Regardless of which filing option you use, the evidence of progress requirement applies to all families under the Home Instruction Statute. It is due August 1.

For Option 3 families using accredited programs, the year-end evidence often comes naturally from the program itself. An official grade report from an accredited distance learning school demonstrating the student's completion and grades is strong, objective evidence of adequate educational progress. Many Virginia divisions accept this without requiring a standardized test or evaluator letter.

For families using a structured curriculum without formal accreditation, the two standard paths apply: a nationally normed standardized test with a composite score at or above the fourth stanine (23rd percentile), or a written evaluation from a qualified professional (licensed teacher from any U.S. state or holder of a master's degree or higher) confirming adequate educational growth.

The portfolio evaluation path works particularly well for Option 3 families because the program's own grade reports, lesson completion records, and progress documentation serve as ready-made portfolio material.
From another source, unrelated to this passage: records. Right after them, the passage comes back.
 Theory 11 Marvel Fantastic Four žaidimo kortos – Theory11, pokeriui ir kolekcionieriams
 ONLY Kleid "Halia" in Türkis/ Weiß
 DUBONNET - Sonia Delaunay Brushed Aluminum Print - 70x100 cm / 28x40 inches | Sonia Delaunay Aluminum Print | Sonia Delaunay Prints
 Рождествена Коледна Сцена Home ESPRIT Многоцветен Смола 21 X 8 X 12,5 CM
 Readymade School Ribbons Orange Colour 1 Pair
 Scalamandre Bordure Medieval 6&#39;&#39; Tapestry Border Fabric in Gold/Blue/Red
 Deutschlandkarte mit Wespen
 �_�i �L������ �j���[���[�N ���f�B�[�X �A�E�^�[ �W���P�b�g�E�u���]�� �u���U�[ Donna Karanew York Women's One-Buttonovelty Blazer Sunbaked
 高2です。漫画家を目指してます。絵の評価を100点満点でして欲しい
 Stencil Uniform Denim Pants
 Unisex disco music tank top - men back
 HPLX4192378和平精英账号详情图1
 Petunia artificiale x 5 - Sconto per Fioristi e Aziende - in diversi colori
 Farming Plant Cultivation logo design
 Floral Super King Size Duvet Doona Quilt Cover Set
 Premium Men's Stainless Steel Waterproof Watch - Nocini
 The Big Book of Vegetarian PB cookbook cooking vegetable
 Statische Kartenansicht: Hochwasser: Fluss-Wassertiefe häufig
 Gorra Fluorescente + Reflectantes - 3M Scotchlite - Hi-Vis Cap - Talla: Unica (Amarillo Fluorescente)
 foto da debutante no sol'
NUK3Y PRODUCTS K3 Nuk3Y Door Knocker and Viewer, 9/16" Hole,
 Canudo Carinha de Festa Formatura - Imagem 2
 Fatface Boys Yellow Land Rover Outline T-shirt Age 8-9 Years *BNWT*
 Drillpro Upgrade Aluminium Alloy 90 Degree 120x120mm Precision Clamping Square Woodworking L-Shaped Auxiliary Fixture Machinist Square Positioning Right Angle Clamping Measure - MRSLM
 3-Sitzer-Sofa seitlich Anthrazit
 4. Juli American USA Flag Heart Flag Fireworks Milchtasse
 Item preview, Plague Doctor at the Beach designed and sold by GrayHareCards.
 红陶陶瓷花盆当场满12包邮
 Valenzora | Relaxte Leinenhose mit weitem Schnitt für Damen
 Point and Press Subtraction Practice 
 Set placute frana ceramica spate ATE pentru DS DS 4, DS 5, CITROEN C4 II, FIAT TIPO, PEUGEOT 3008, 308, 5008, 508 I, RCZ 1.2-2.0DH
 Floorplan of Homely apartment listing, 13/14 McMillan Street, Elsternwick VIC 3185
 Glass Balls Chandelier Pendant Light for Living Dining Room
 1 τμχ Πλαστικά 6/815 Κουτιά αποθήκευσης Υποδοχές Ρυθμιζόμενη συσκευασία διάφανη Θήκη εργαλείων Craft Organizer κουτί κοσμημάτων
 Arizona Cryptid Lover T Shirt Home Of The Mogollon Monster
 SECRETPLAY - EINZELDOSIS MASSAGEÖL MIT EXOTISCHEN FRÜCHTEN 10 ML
An evaluator reviewing a year's worth of graded work from a structured correspondence school can produce an evidence letter quickly and confidently.

Why Some Families Choose Option 3 Over Options 1 or 4

Option 3 is not inherently more or less protective than other filing options — Virginia's statute treats all four pathways as equivalent. But families choose Option 3 for specific reasons:

External structure provides accountability. Some parents feel more confident with a formal program that provides curriculum, assigns work, and grades submissions. The program essentially manages scope and sequence, which removes significant planning burden from the parent.

The enrollment documentation is concrete. Option 1 requires submitting a copy of the parent's high school diploma. Option 4 requires a letter demonstrating adequate education. Option 3 simply requires proof of enrollment — a document that is already sitting in the parent's email inbox when they sign up for a curriculum program. For parents who are uncertain about their qualification under other options, Option 3 removes the question entirely.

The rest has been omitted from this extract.